▸ DATA FOR REVIEW:
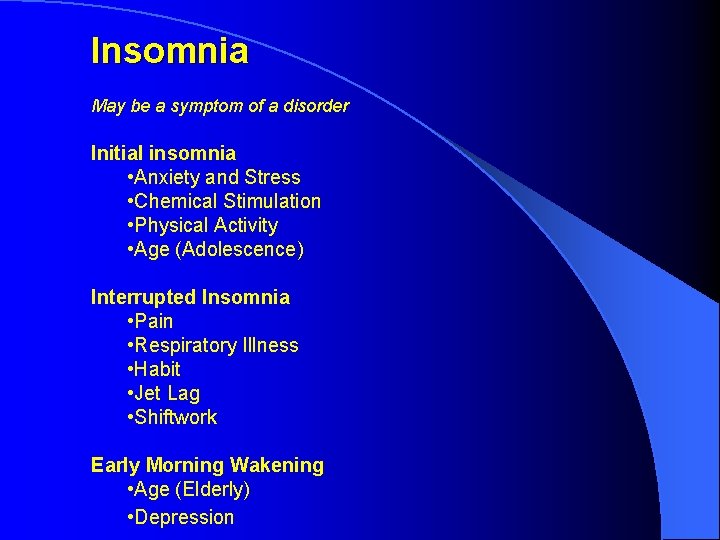 Insomnia May be a symptom of a disorder Initial insomnia • Anxiety and Stress Insomnia May be a symptom of a disorder Initial insomnia • Anxiety and Stress
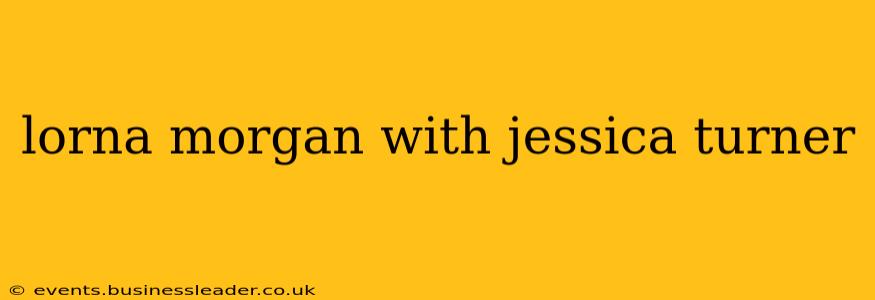 lorna morgan with jessica turner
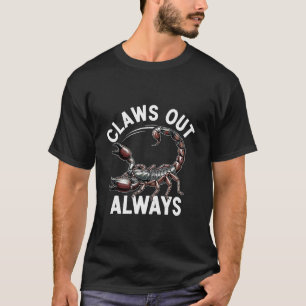 Krallen immer heraus Skorpion Besitzer Sammler T-Shirt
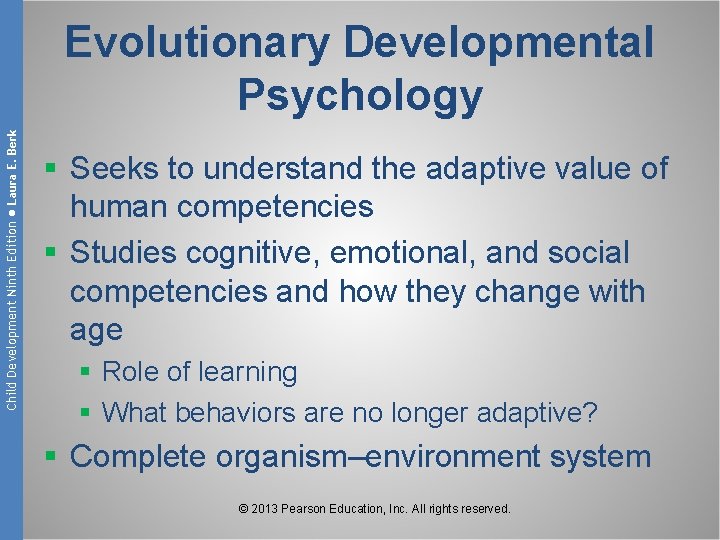 Child Development Ninth Edition ● Laura E. Berk Evolutionary Developmental Psychology § Seeks to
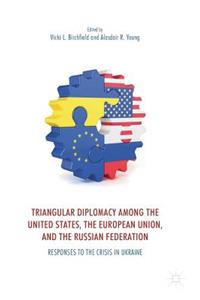 Triangular Diplomacy among the United States, the European Union, and the Russian Federation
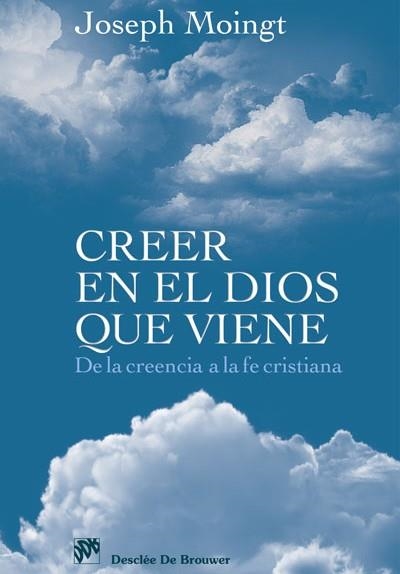 CREER EN EL DIOS QUE VIENE.DE LA CREENCIA A LA FE CRÍTICA | 9788433028099 | MOINGT,JOSEPH | Llibreria Geli - Llibreria Online de Girona - Comprar llibres en català i castellà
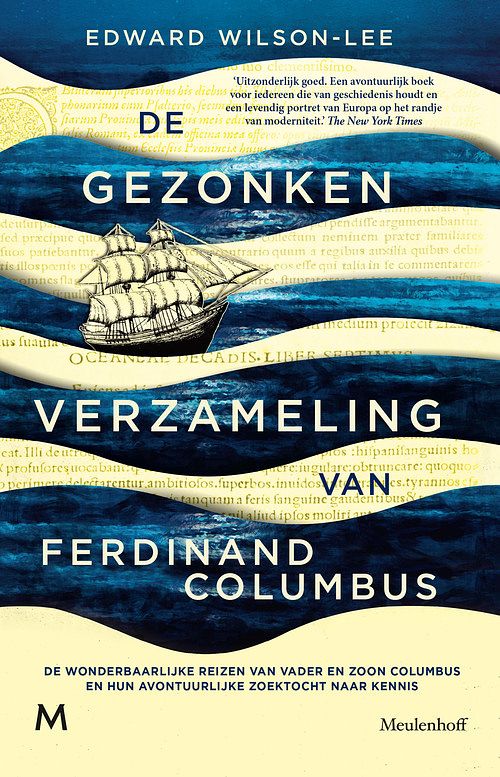 Foto van De gezonken verzameling van ferdinand columbus - edward wilson-lee - ebook (9789402317220)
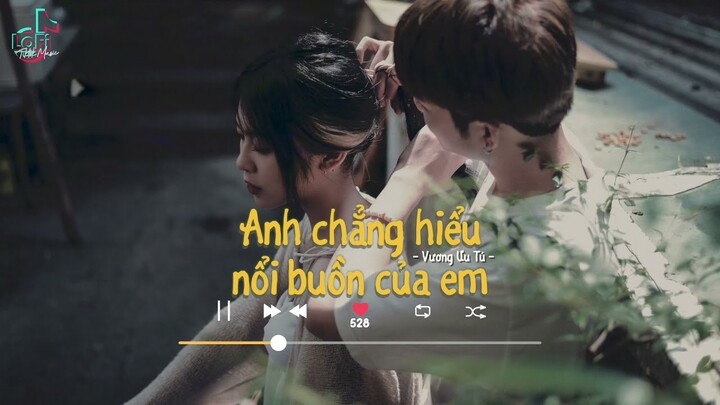 [Vietsub+Lofi Ver] Anh chẳng hiểu nỗi buồn của em - Vương Ưu Tú | LoFi TikTok Music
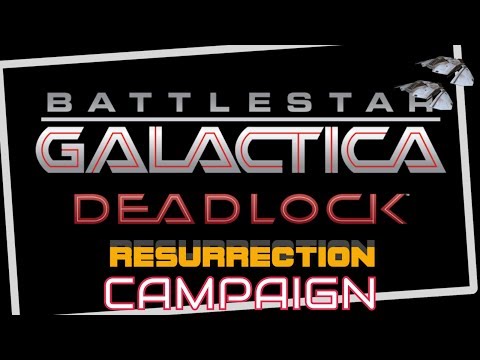Battlestar Galactica Deadlock Resurrection Full Campaign Run Through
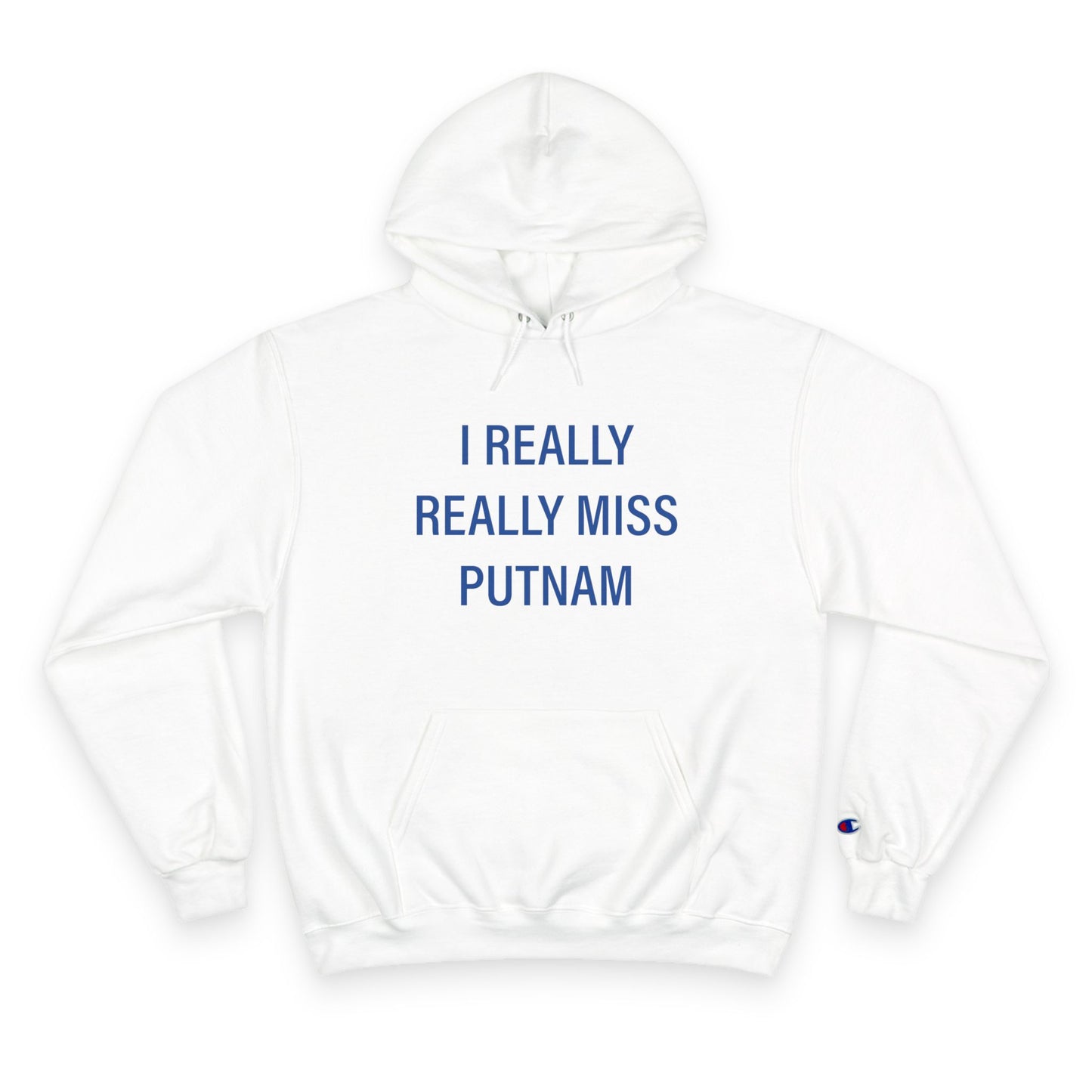 I Really Really Miss Putnam Champion Hoodie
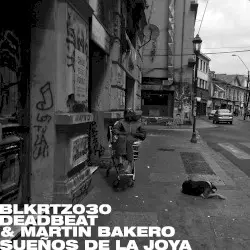 Sueños de la Joya by Deadbeat & Martin Bakero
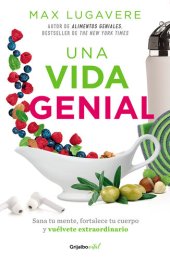 book Una vida genial: Sana tu mente, fortalece tu cuerpo y vuélvete extraordinario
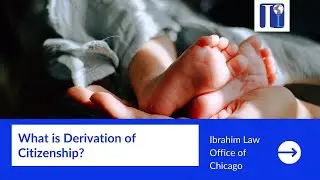 What is Derivation or Acquisition of Citizenship?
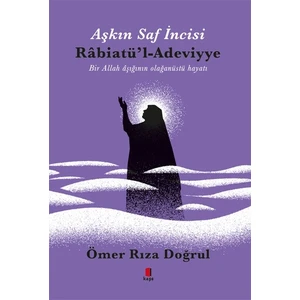 Aşkın İncisi Rabiatül Adeviyye - Ömer Rıza Doğrul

▸ WORK INSTRUCTIONS:
Restate the data above word for word, so that the only difference is the missing pictures.

▸ RESULT:
 Insomnia May be a symptom of a disorder Initial insomnia • Anxiety and Stress Insomnia May be a symptom of a disorder Initial insomnia • Anxiety and Stress
 lorna morgan with jessica turner
 Krallen immer heraus Skorpion Besitzer Sammler T-Shirt
 Child Development Ninth Edition ● Laura E. Berk Evolutionary Developmental Psychology § Seeks to
 Triangular Diplomacy among the United States, the European Union, and the Russian Federation
 CREER EN EL DIOS QUE VIENE.DE LA CREENCIA A LA FE CRÍTICA | 9788433028099 | MOINGT,JOSEPH | Llibreria Geli - Llibreria Online de Girona - Comprar llibres en català i castellà
 Foto van De gezonken verzameling van ferdinand columbus - edward wilson-lee - ebook (9789402317220)
 [Vietsub+Lofi Ver] Anh chẳng hiểu nỗi buồn của em - Vương Ưu Tú | LoFi TikTok Music
Battlestar Galactica Deadlock Resurrection Full Campaign Run Through
 I Really Really Miss Putnam Champion Hoodie
 Sueños de la Joya by Deadbeat & Martin Bakero
 book Una vida genial: Sana tu mente, fortalece tu cuerpo y vuélvete extraordinario
 What is Derivation or Acquisition of Citizenship?
 Aşkın İncisi Rabiatül Adeviyye - Ömer Rıza Doğrul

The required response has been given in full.